▸ The input
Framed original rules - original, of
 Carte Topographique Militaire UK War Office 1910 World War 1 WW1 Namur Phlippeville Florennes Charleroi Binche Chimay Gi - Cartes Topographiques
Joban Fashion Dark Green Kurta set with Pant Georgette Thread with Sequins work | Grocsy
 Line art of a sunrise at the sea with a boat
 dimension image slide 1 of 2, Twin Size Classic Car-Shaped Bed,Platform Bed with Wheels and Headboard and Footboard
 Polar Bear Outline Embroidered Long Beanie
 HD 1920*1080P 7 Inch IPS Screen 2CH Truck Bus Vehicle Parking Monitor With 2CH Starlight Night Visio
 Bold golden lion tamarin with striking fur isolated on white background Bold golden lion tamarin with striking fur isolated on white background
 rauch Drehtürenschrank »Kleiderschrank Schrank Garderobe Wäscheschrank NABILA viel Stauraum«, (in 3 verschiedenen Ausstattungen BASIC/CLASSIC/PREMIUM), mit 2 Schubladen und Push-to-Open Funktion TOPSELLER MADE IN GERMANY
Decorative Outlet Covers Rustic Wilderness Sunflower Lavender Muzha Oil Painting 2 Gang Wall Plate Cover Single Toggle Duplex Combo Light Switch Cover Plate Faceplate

▸ What is needed
Could you write out all of the data again, exactly as given?

▸ Exercise output
Framed original rules - original, of
 Carte Topographique Militaire UK War Office 1910 World War 1 WW1 Namur Phlippeville Florennes Charleroi Binche Chimay Gi - Cartes Topographiques
Joban Fashion Dark Green Kurta set with Pant Georgette Thread with Sequins work | Grocsy
 Line art of a sunrise at the sea with a boat
 dimension image slide 1 of 2, Twin Size Classic Car-Shaped Bed,Platform Bed with Wheels and Headboard and Footboard
 Polar Bear Outline Embroidered Long Beanie
 HD 1920*1080P 7 Inch IPS Screen 2CH Truck Bus Vehicle Parking Monitor With 2CH Starlight Night Visio
 Bold golden lion tamarin with striking fur isolated on white background Bold golden lion tamarin with striking fur isolated on white background
 rauch Drehtürenschrank »Kleiderschrank Schrank Garderobe Wäscheschrank NABILA viel Stauraum«, (in 3 verschiedenen Ausstattungen BASIC/CLASSIC/PREMIUM), mit 2 Schubladen und Push-to-Open Funktion TOPSELLER MADE IN GERMANY
Decorative Outlet Covers Rustic Wilderness Sunflower Lavender Muzha Oil Painting 2 Gang Wall Plate Cover Single Toggle Duplex Combo Light Switch Cover Plate Faceplate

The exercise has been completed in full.